The Bible shows that defensiveness and blaming others for things that go wrong will rip a good relationship. It is the refusal to fairly evaluate our own contribution to conflict. It is the offended, “It is not my fault! It’s your fault! Besides, you did this last week, and that two years ago.”
Again, Paul was right on top of this principle of building relationships. In the context of the Lord’s Supper, he wrote, “But let a man examine himself, and so let him eat of the bread and drink of the cup” (1 Corinthians 11:28). Finger pointing and fault finding only magnify problems.
Accepting responsibility does not mean that you must take all the blame when disagreements erupt. It does mean to sit down with an open attitude, and honestly examine the issues. When we see our mistakes, then we accept personal responsibility for, and work to change those things that damage relationships. (Sometimes it is hard to be humble isn’t it?)
When conflict escalates to a certain level, people stop talking to each other. They quit church, move out of the house, become silently sullen, or hide in their office – they avoid each other. Have you noticed this tendency?

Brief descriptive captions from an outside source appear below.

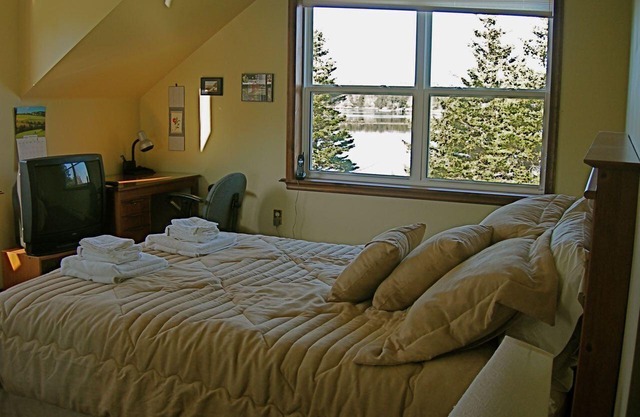 Oceanfront 3 Schlafzimmer Hütte 5 Minuten von Peggy Bucht.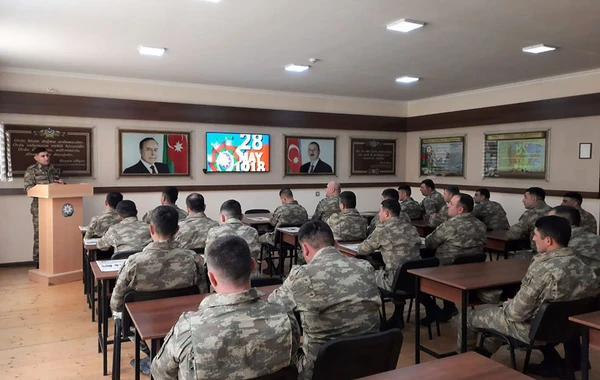 Müstəqillik Günü münasibətilə Azərbaycan Ordusunda silsilə tədbirlər keçirilib - FOTO/VİDEO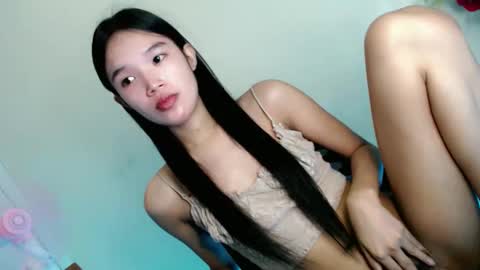 Snapshot of lunafoxx_ chatting on 04/21/26, 10:45 lunafoxx_ online show from 04/21/26, 10:45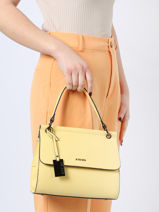 Sac Bandoulire Blazer Cuir Etrier Jaune blazer EBLA001M-vue-porte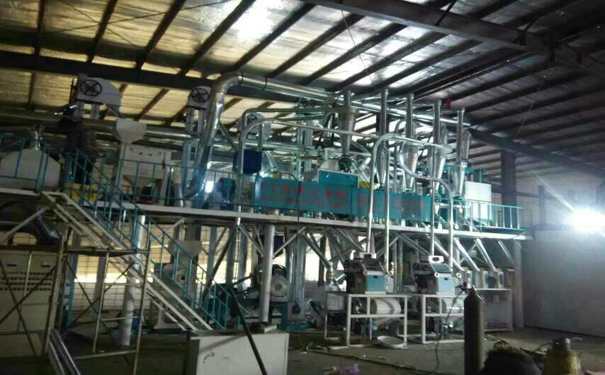 成套<a href=http://m.5dcampus.cn/product/6/ target=_blank class=infotextkey>玉米深加工機(jī)械</a>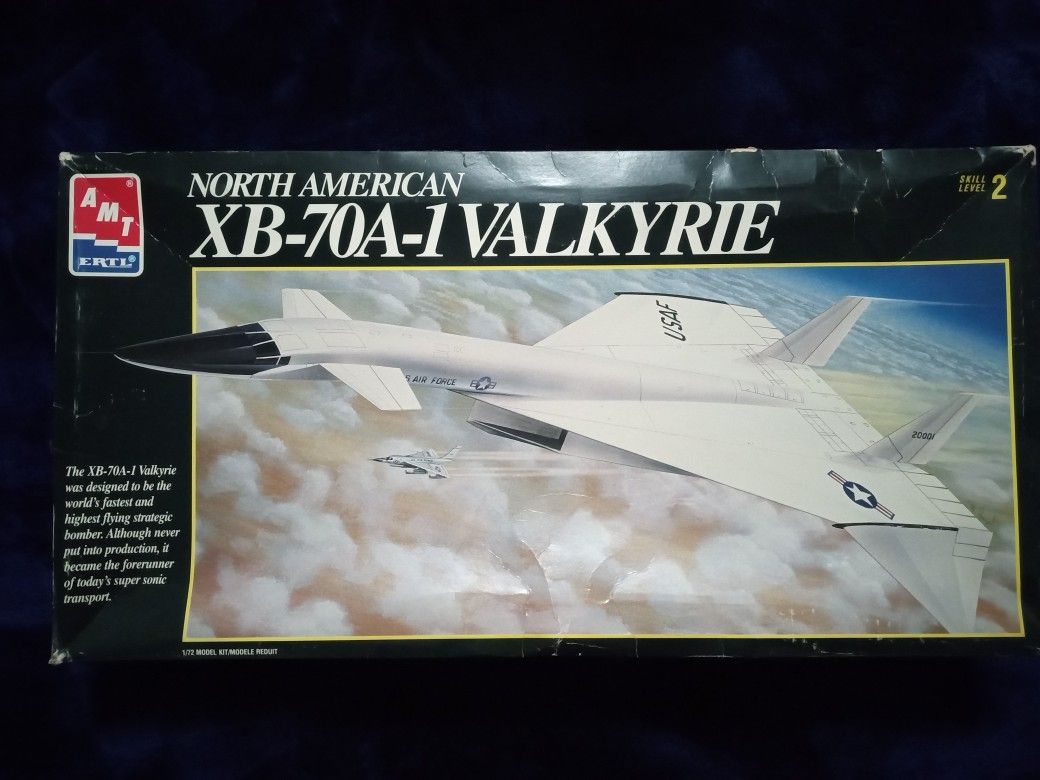 XB-70A-1 VALKYRIE 1:72 MODEL PLANE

Bible teaching about building relationships urges people to move from deadlock to dialogue. There is always the potential for more conflict, but good people with good motives need to talk. Be sure to head first for common ground, not fighting ground. Sometimes, to maintain the relationship, people must agree to disagree about a particular area of dispute. Learn to work around things you cannot change.
Paul speaks of this principle of building relationships in his letter to the Philippians, “I urge Euodia and I urge Syntyche to live in harmony in the Lord. Indeed true comrade, I ask you also to help these women” (Philippians 4:2, 3a; cf. Ephesians 4:15, 25). Paul was requesting a mediator to intervene in this troubled relationship, and to begin the process of building positive relationships. The process involves talking and dialogue.
These principles will work for you: accepting responsibility, striving for harmony, breaking deadlocks. Your relationships are important, and so are you. All the best, and have a great day!!